[Start of Attachment]
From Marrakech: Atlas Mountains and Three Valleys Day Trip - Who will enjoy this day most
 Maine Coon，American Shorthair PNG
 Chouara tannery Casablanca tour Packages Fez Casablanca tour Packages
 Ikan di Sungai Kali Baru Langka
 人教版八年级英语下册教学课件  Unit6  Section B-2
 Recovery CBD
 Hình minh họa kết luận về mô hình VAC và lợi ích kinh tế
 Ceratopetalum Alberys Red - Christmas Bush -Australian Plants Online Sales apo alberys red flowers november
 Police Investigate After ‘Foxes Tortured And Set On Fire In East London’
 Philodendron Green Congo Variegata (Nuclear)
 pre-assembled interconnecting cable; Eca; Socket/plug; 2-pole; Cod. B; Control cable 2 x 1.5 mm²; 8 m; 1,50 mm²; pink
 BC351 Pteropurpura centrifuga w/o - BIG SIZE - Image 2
[End of Attachment]
- _Work required_: All the entries above need to be repeated word for word.

- _Response_:
From Marrakech: Atlas Mountains and Three Valleys Day Trip - Who will enjoy this day most
 Maine Coon，American Shorthair PNG
 Chouara tannery Casablanca tour Packages Fez Casablanca tour Packages
 Ikan di Sungai Kali Baru Langka
 人教版八年级英语下册教学课件  Unit6  Section B-2
 Recovery CBD
 Hình minh họa kết luận về mô hình VAC và lợi ích kinh tế
 Ceratopetalum Alberys Red - Christmas Bush -Australian Plants Online Sales apo alberys red flowers november
 Police Investigate After ‘Foxes Tortured And Set On Fire In East London’
 Philodendron Green Congo Variegata (Nuclear)
 pre-assembled interconnecting cable; Eca; Socket/plug; 2-pole; Cod. B; Control cable 2 x 1.5 mm²; 8 m; 1,50 mm²; pink
 BC351 Pteropurpura centrifuga w/o - BIG SIZE - Image 2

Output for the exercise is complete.